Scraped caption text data
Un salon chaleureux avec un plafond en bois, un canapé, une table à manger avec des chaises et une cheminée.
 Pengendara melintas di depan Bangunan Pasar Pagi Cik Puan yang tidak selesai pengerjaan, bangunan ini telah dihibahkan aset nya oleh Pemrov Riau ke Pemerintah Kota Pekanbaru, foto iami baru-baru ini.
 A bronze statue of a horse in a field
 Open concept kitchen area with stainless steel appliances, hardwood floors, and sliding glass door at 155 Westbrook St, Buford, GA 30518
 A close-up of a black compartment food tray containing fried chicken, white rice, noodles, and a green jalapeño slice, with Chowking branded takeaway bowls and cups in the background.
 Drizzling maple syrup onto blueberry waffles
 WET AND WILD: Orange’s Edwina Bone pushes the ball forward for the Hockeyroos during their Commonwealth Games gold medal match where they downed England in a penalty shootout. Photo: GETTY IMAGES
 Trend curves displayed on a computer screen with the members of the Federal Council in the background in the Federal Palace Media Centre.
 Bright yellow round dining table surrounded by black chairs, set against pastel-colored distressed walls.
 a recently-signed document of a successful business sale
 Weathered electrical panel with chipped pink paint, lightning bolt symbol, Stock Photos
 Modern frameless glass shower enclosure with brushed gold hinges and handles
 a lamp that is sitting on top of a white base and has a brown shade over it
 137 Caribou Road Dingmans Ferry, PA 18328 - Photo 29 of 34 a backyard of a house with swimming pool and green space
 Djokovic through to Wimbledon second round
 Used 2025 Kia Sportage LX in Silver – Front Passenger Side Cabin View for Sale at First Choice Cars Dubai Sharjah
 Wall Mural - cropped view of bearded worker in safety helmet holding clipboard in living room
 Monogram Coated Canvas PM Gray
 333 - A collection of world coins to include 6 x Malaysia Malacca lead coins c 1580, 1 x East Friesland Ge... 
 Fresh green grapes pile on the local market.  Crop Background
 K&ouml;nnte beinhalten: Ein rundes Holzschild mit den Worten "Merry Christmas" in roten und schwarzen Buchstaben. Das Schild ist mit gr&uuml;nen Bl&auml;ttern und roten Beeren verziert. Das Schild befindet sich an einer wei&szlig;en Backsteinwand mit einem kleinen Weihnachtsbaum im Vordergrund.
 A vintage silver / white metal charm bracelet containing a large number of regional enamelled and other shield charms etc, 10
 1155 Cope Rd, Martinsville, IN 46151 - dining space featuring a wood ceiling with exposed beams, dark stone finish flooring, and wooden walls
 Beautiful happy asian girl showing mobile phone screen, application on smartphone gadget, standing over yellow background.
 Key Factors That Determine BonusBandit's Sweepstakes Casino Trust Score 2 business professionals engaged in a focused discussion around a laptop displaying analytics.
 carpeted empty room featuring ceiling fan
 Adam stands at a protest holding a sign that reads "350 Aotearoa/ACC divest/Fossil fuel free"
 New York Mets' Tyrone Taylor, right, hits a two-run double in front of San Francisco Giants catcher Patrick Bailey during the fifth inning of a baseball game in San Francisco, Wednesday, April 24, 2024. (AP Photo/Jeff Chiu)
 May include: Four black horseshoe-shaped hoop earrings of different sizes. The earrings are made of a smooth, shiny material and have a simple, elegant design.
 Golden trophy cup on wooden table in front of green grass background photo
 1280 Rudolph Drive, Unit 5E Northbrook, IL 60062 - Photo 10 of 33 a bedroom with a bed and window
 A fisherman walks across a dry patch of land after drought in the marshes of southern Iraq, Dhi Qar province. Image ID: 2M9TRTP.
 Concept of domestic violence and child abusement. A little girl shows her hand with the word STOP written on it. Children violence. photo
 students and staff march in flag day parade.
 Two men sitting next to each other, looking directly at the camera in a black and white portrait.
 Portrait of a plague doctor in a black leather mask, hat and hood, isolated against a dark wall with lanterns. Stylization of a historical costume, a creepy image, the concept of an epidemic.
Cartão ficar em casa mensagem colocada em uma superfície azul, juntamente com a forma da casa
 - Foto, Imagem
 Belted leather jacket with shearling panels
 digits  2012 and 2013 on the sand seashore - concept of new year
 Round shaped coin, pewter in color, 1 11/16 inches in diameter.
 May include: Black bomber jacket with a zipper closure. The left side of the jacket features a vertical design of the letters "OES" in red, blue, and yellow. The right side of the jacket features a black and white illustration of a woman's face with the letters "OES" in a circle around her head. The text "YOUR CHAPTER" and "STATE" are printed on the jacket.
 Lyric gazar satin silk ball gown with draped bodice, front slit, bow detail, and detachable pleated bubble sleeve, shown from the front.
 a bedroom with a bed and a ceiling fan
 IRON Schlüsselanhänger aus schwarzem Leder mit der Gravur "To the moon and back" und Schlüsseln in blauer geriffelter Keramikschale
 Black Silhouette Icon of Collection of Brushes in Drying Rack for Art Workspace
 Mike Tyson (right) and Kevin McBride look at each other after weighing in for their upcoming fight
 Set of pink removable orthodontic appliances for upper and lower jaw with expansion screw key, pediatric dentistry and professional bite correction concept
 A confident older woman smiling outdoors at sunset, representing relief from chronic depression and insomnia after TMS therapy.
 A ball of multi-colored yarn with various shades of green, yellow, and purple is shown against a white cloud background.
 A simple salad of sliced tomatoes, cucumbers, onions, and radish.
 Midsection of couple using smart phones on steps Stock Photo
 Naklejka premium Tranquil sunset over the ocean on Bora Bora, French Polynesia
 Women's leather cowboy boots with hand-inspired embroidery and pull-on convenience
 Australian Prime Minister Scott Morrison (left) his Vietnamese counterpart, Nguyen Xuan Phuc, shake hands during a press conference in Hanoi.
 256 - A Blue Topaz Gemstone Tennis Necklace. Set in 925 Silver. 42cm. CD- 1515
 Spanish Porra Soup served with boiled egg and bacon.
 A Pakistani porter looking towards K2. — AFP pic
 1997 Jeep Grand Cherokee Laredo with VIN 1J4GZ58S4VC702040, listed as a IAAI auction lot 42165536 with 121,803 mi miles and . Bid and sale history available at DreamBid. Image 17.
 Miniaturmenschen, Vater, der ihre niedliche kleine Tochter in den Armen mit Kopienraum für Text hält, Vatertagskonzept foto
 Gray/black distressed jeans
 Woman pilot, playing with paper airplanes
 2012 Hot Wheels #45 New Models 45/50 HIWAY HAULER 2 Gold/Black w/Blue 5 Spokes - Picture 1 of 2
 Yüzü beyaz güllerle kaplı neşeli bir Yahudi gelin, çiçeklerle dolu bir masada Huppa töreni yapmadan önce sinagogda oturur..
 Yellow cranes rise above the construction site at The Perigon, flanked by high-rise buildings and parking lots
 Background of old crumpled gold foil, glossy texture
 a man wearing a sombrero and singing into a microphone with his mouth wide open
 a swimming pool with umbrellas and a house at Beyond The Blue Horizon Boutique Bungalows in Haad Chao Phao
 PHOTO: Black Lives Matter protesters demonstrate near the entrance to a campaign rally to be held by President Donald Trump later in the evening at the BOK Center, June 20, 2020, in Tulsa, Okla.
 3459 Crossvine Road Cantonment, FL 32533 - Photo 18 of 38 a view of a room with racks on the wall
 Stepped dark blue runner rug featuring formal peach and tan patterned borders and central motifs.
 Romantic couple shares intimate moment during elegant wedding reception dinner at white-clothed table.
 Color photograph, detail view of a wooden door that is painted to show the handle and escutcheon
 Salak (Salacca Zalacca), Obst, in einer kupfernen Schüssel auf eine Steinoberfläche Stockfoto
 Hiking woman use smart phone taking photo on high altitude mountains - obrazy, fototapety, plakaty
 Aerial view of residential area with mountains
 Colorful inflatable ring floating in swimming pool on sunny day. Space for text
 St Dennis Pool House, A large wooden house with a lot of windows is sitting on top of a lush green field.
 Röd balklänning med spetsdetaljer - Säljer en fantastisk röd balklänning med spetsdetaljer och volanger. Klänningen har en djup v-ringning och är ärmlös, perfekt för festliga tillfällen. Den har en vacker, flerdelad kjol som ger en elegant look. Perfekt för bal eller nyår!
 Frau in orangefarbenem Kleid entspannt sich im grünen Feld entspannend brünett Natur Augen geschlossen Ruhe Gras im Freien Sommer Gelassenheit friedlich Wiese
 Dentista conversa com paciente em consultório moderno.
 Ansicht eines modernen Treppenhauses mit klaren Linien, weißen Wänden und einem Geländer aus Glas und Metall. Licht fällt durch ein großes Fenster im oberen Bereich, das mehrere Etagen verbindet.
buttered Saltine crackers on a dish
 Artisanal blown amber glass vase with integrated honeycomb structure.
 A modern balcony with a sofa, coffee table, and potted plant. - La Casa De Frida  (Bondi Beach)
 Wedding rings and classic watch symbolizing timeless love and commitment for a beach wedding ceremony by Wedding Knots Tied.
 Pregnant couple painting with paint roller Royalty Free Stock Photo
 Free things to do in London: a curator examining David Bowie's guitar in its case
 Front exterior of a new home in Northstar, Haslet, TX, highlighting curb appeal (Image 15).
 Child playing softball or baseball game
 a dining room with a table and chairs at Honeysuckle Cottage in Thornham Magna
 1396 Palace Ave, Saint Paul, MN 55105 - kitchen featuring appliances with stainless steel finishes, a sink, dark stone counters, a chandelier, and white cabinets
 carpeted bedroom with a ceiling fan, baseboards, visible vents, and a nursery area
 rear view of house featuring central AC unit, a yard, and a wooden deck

_WHAT TO WORK ON_
Your task is to copy every line in the entries that holds the string "bedroom".

_SOLUTION FOR THIS PROBLEM_
 1280 Rudolph Drive, Unit 5E Northbrook, IL 60062 - Photo 10 of 33 a bedroom with a bed and window
 a bedroom with a bed and a ceiling fan
 carpeted bedroom with a ceiling fan, baseboards, visible vents, and a nursery area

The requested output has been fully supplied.